Calls to wind up unprofitable Malaysia Airlines Bhd emerged again recently.  This was after Khazanah Nasional Bhd revealed that it had posted its first annual loss in over a decade, mainly due to impairments on the national carrier.

Last Tuesday, the sovereign wealth fund said its RM6.271 billion pre-tax loss for 2018 reflected the impact of a RM7.3 billion impairment provision, roughly half of which was for Malaysia Airlines.

Netizens were quick to criticise the airline after a local daily questioned whether it should continue to operate.

One commented, “After draining government coffers for so many years, the country will be better off selling the airline instead of continuing to carry the burden.”

Malaysia Airlines remains in the red, four years after its reboot in December 2014.

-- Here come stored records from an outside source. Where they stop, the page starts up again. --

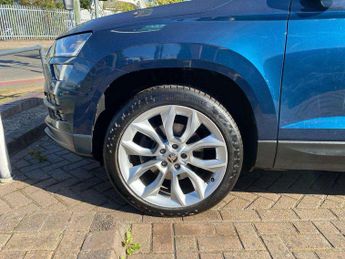 Skoda Karoq 1.5 TSI Edition 4x4 5dr DSG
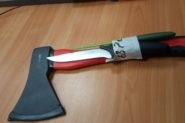 заточка Ремонт Заточка, изготовление ключей топор и два ножа -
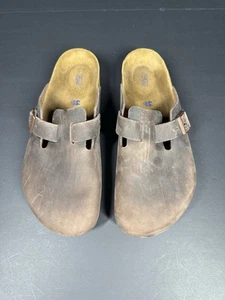 Birkenstock Boston Herren Clog Größe Herren 13 (46) Top Zustand. - Bild 1 von 10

However, the operating environment has changed significantly.  

Take the domestic market, which is served by two other airlines — AirAsia Group Bhd and Malindo Airways Sdn Bhd. Competition has helped make flights cheaper and improved the pay of cabin crew.

Market conditions also worsened during the four years as Malaysia Airlines grappled with high jet fuel prices and a smaller network and fleet. Carriers like Singapore Airlines Ltd and AirAsia, known for their efficient management, are facing similar challenges. As for Malindo, it has yet to turn in a profit since it was launched in 2013.

It does not help that Malaysia Airlines’ financials are not publicly available despite being funded by the government.

However, shutting down the airline would mean less competition, hurting consumers. Clearly, there are no quick fixes and turning it around could take longer than anticipated, but isn’t calling for its end a little premature?